There is a plan to refill this lake. All four of the mid-Michigan dams that broke after heavy rains last year are slated for reconstruction, and they’ll each hold back a lake along the Tittabawassee River.

Tim Holsworth is responsible for raising some of the money that will go toward rebuilding Sanford Lake. That’s the one that Deliso lives on.

Holsworth is aiming for $2 million a year from a community of only a few thousand people.

“I didn’t say we had a high probability of success, but yes, that is the task,” Holsworth says.

And even that amount is just a tiny portion of the total cost of rebuilding. The quasi-governmental agency that took ownership of the dams after they failed says getting the lakes back will take upwards of $300 million.

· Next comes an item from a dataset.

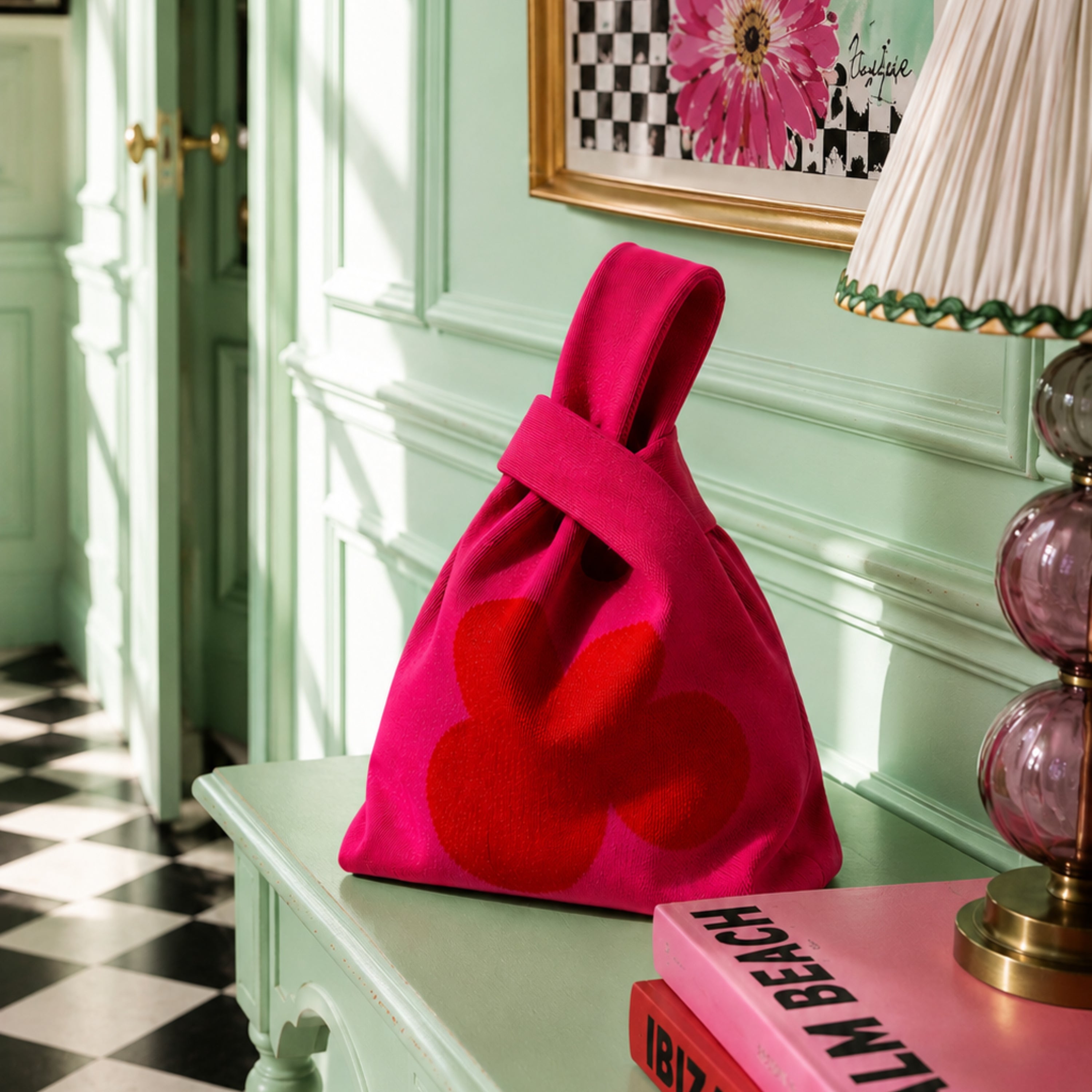 Pink knitted tote bag with oversized red abstract flower design, styled on a mint green console table in a colourful maximalist interior by Lizzie Onion's Emporium.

Donations obviously aren’t going to cut it. The agency needs a way to make people pay.

Courtesy of Rich Violette
Courtesy of Rich Violette

“Now we’ve got the most controversial issue in this entire project — a special assessment district,” he says.

The district would charge property owners along the drained lakes to raise money for rebuilding.

But the property owners aren’t responsible for the dams collapsing. The property owners are not the reason the lakes are gone.

State and federal investigators blame the dams’ former owner, Boyce Hydro, who ignored numerous safety warnings from regulators before the structures failed. Now that owner has declared bankruptcy.

So Holsworth says the fee on property owners is the best shot they have at getting the lakes back.

Deliso says he’s philosophically opposed to the assessment district, but he feels stuck.

“It’s not right. Not right,” he says.

But he says he’s stuck. He can’t sell his house, because its value has dropped so much. And he doesn’t want to leave even if he could.

Deliso says the flood built community. He’s gotten close with neighbors he barely knew before. And he’s holding onto hope that even if he has to pay for it, the dam will be rebuilt, and the lake will come back for good.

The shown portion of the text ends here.